[Start of Attachment]
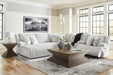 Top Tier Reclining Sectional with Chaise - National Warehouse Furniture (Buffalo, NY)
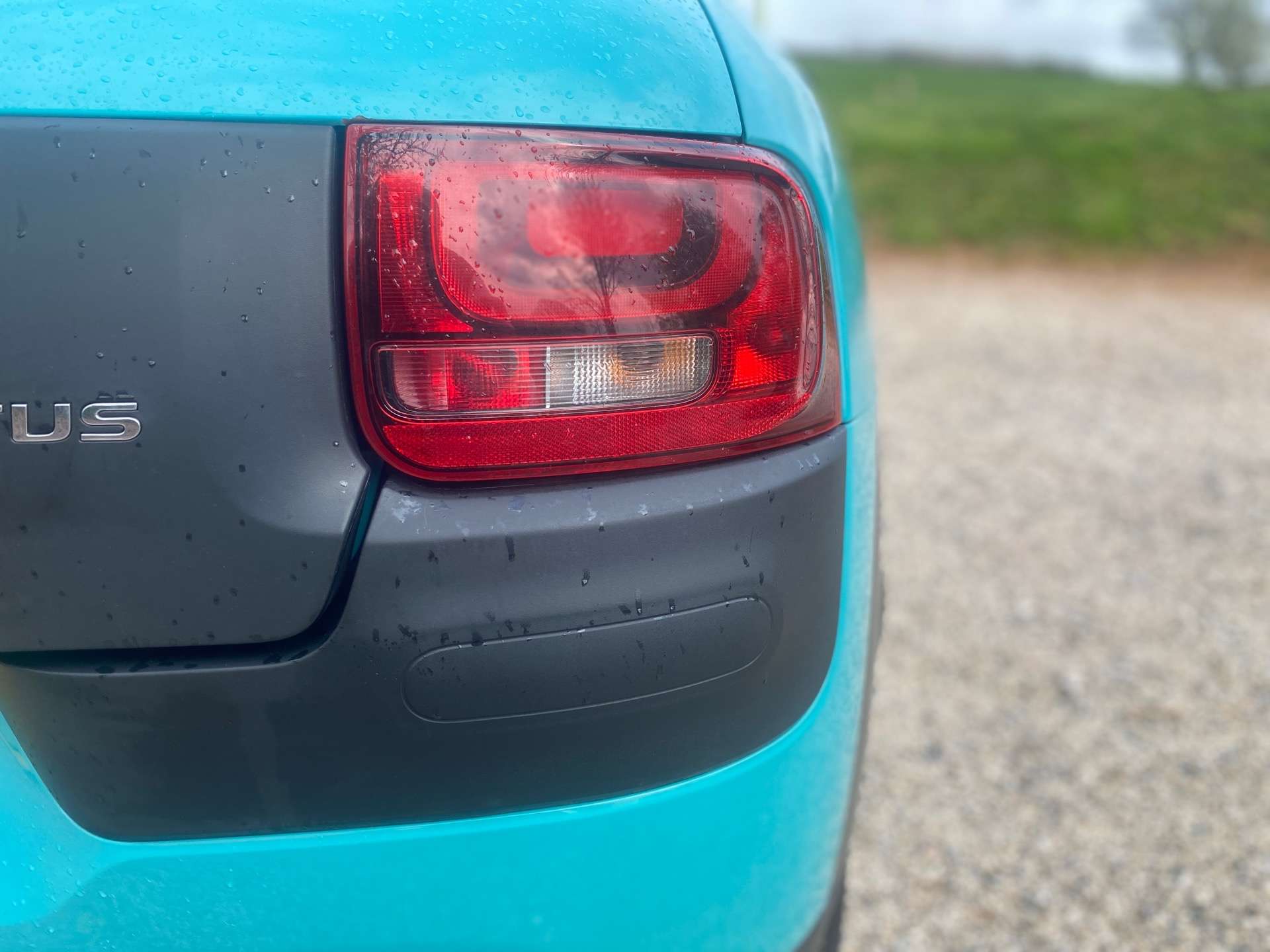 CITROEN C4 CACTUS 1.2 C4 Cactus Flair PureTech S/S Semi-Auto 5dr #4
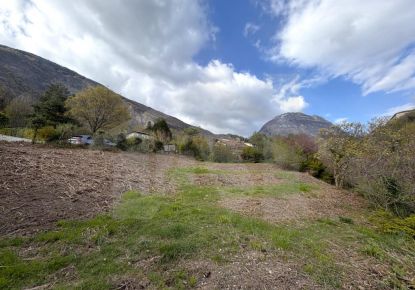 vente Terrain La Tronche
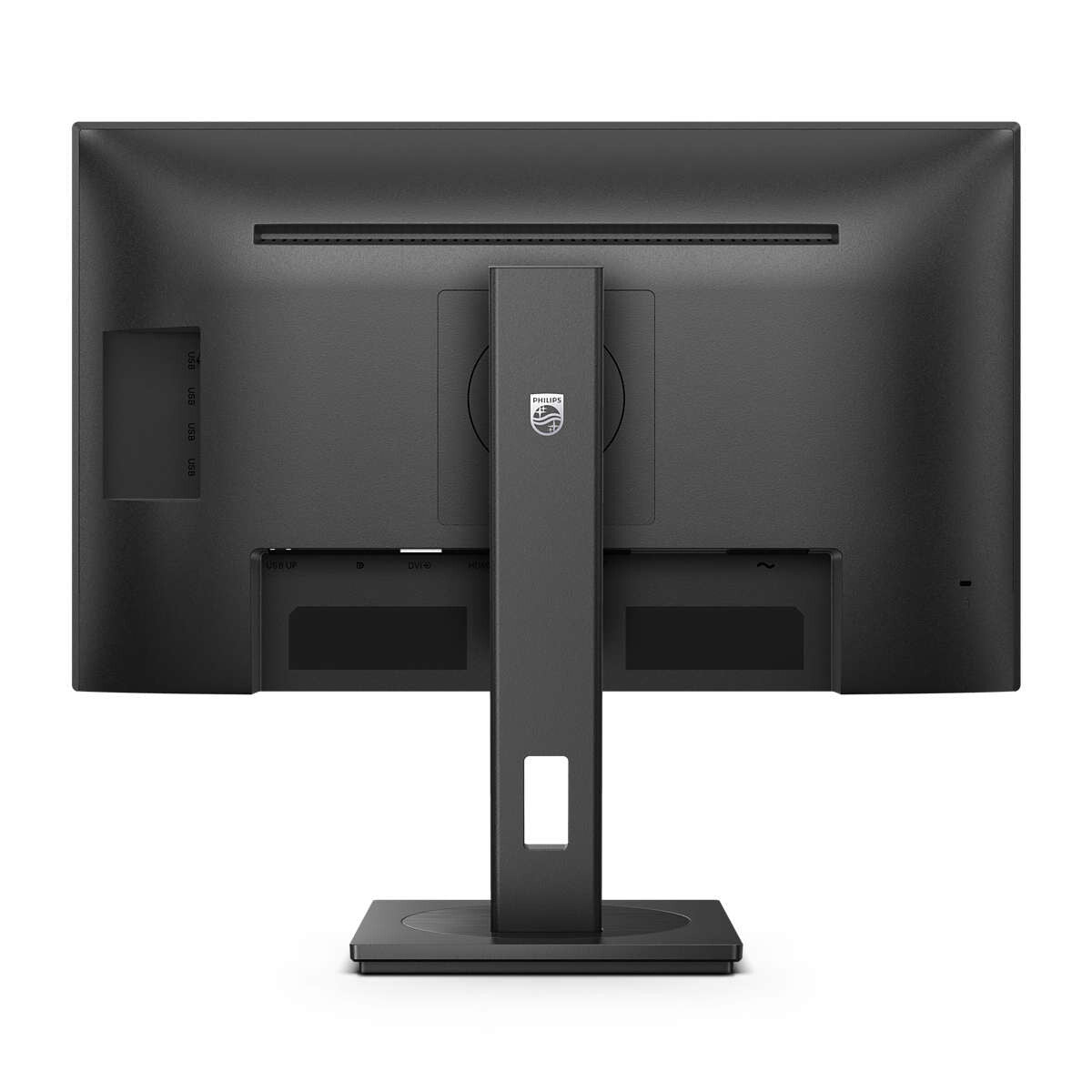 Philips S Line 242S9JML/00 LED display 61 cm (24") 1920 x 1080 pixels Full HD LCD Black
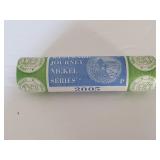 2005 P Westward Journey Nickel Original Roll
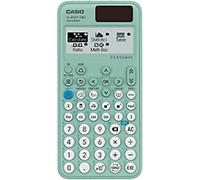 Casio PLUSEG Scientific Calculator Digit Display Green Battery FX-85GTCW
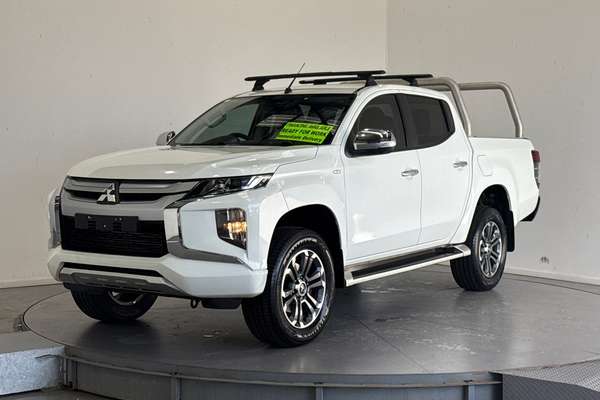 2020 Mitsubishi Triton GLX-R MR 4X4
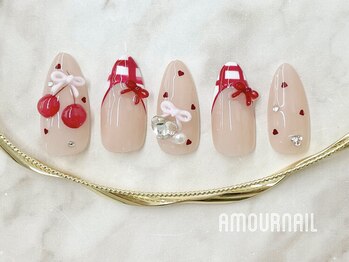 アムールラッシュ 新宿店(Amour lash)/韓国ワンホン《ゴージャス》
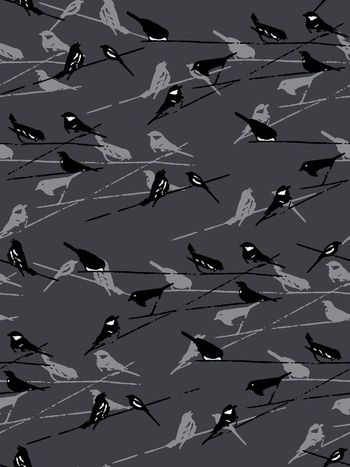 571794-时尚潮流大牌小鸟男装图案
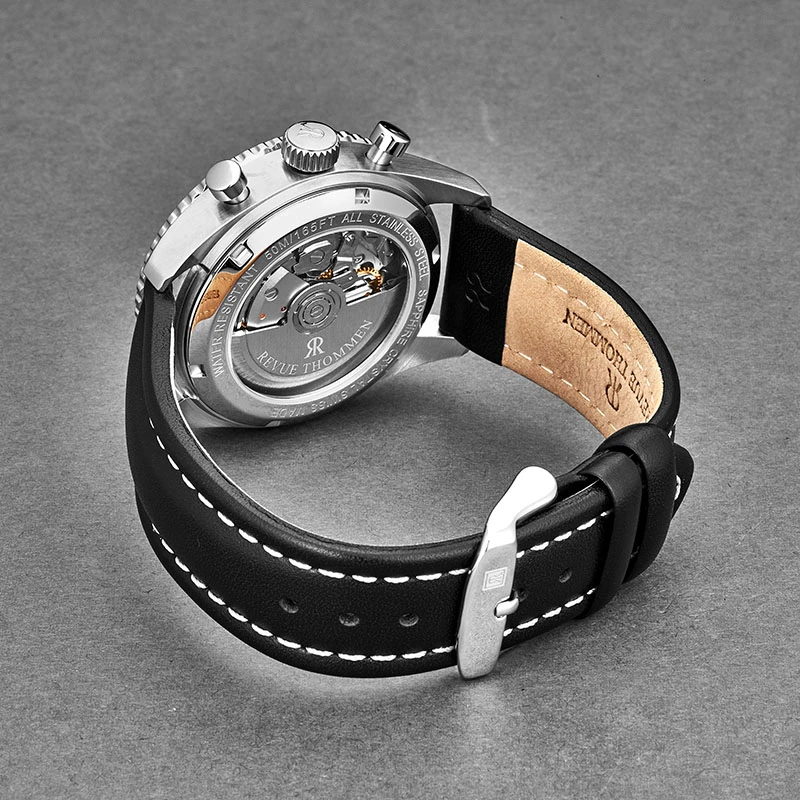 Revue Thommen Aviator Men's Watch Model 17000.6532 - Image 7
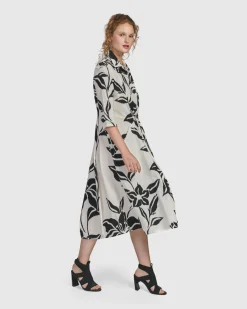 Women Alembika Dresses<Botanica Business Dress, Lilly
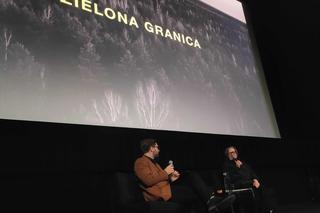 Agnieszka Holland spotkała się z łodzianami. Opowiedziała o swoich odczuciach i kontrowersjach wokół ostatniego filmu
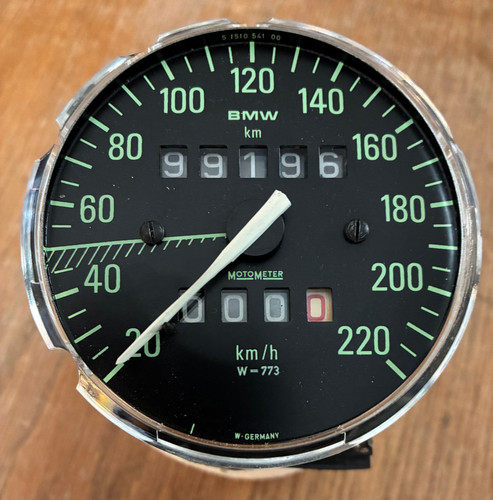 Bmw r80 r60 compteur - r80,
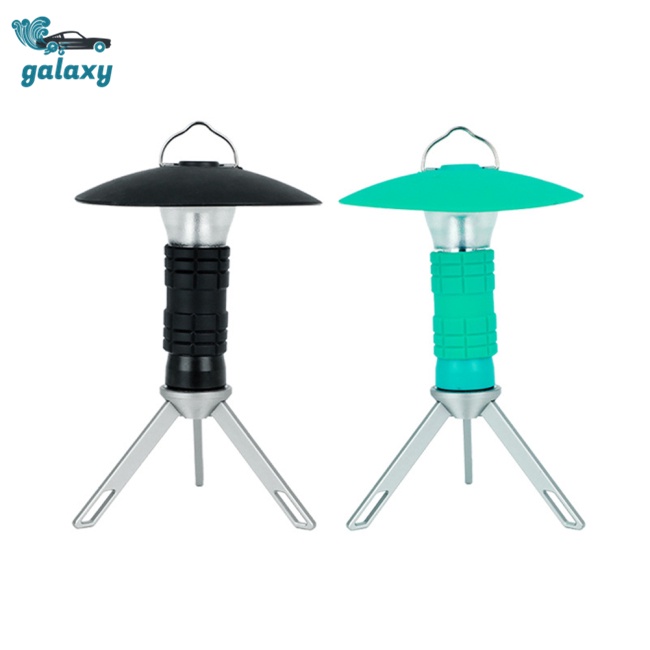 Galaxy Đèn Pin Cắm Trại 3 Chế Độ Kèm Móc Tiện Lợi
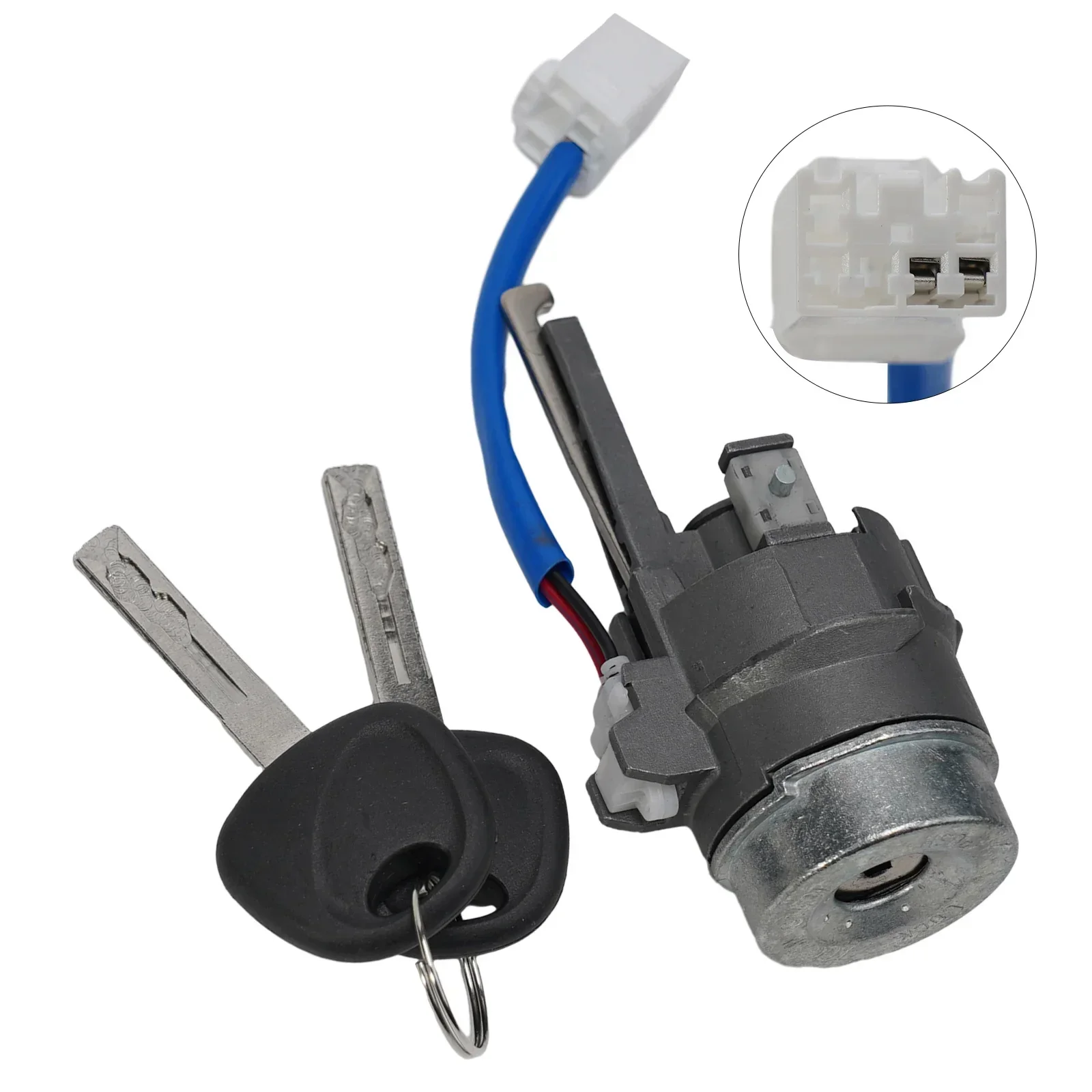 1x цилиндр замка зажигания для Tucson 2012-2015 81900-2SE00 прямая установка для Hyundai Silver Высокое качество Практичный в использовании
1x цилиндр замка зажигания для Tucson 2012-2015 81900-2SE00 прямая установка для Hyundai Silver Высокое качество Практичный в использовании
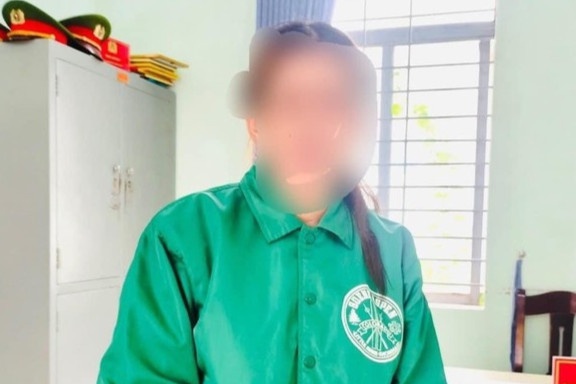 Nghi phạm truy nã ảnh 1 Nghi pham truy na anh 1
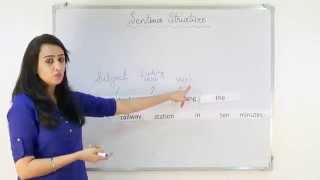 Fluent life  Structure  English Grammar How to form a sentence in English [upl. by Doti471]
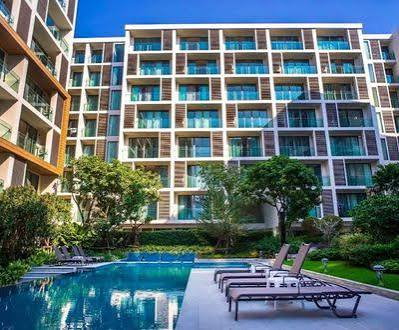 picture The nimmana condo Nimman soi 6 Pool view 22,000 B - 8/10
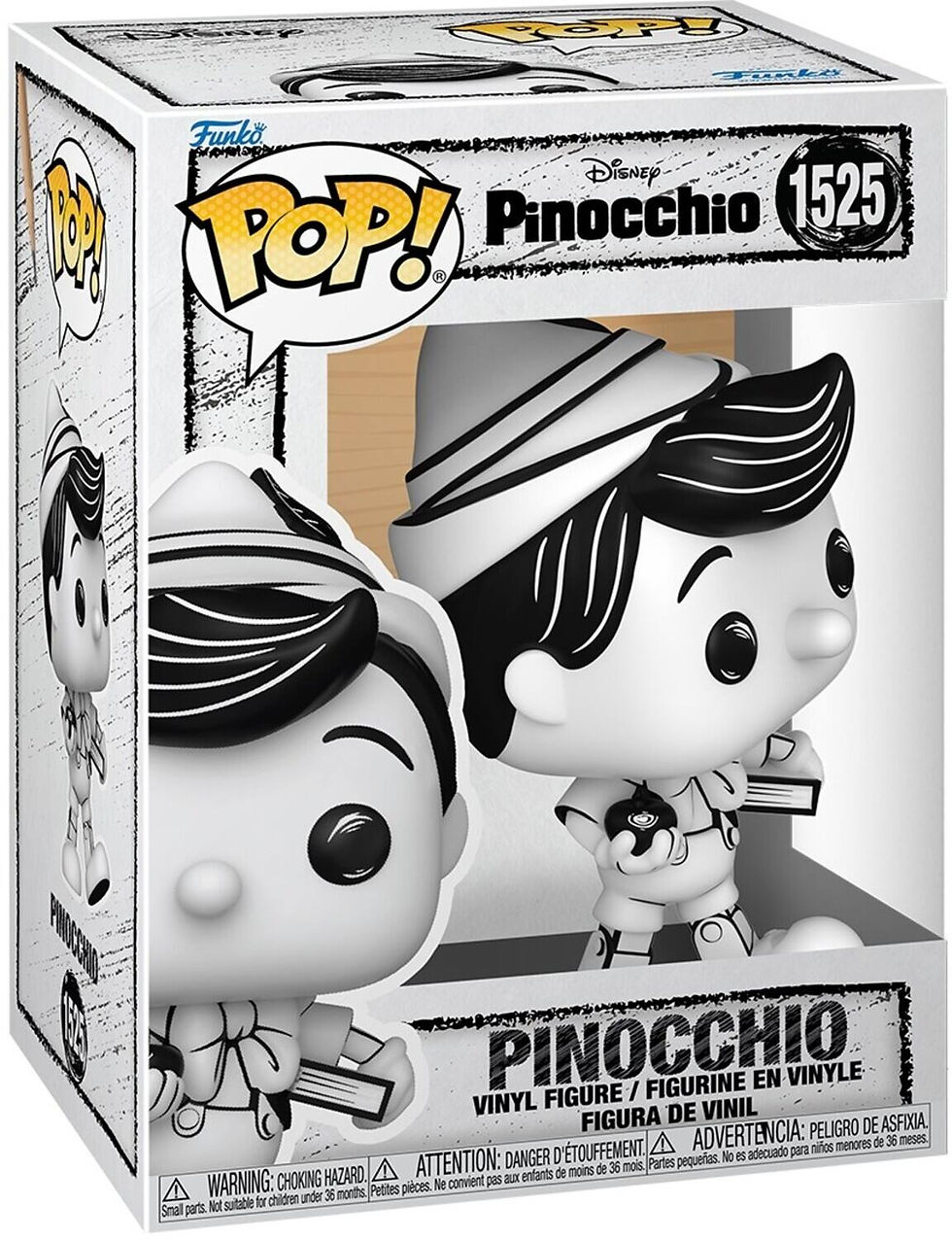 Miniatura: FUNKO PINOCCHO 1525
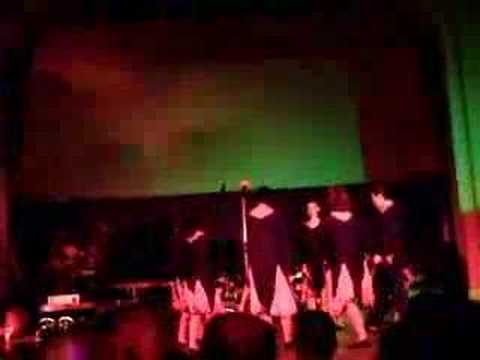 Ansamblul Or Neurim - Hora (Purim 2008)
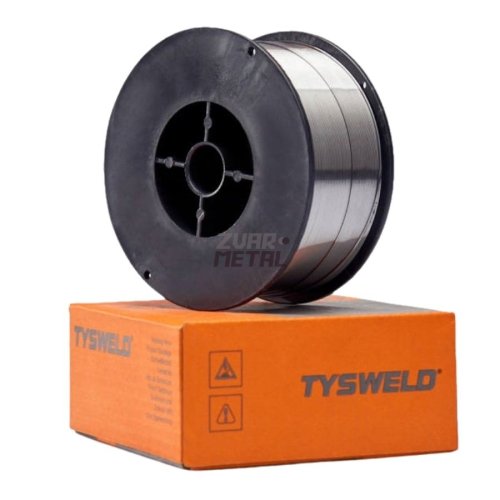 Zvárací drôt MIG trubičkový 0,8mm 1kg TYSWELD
[End of Attachment]
▸ Problem to solve: The result should be an exact repetition of all the records. Drop the pictures.

▸ Expected output:
 Top Tier Reclining Sectional with Chaise - National Warehouse Furniture (Buffalo, NY)
 CITROEN C4 CACTUS 1.2 C4 Cactus Flair PureTech S/S Semi-Auto 5dr #4
 vente Terrain La Tronche
 Philips S Line 242S9JML/00 LED display 61 cm (24") 1920 x 1080 pixels Full HD LCD Black
 2005 P Westward Journey Nickel Original Roll
 Casio PLUSEG Scientific Calculator Digit Display Green Battery FX-85GTCW
 2020 Mitsubishi Triton GLX-R MR 4X4
 アムールラッシュ 新宿店(Amour lash)/韓国ワンホン《ゴージャス》
 571794-时尚潮流大牌小鸟男装图案
 Revue Thommen Aviator Men's Watch Model 17000.6532 - Image 7
 Women Alembika Dresses<Botanica Business Dress, Lilly
 Agnieszka Holland spotkała się z łodzianami. Opowiedziała o swoich odczuciach i kontrowersjach wokół ostatniego filmu
 Bmw r80 r60 compteur - r80,
 Galaxy Đèn Pin Cắm Trại 3 Chế Độ Kèm Móc Tiện Lợi
 1x цилиндр замка зажигания для Tucson 2012-2015 81900-2SE00 прямая установка для Hyundai Silver Высокое качество Практичный в использовании
1x цилиндр замка зажигания для Tucson 2012-2015 81900-2SE00 прямая установка для Hyundai Silver Высокое качество Практичный в использовании
 Nghi phạm truy nã ảnh 1 Nghi pham truy na anh 1
 Fluent life  Structure  English Grammar How to form a sentence in English [upl. by Doti471]
 picture The nimmana condo Nimman soi 6 Pool view 22,000 B - 8/10
 Miniatura: FUNKO PINOCCHO 1525
 Ansamblul Or Neurim - Hora (Purim 2008)
 Zvárací drôt MIG trubičkový 0,8mm 1kg TYSWELD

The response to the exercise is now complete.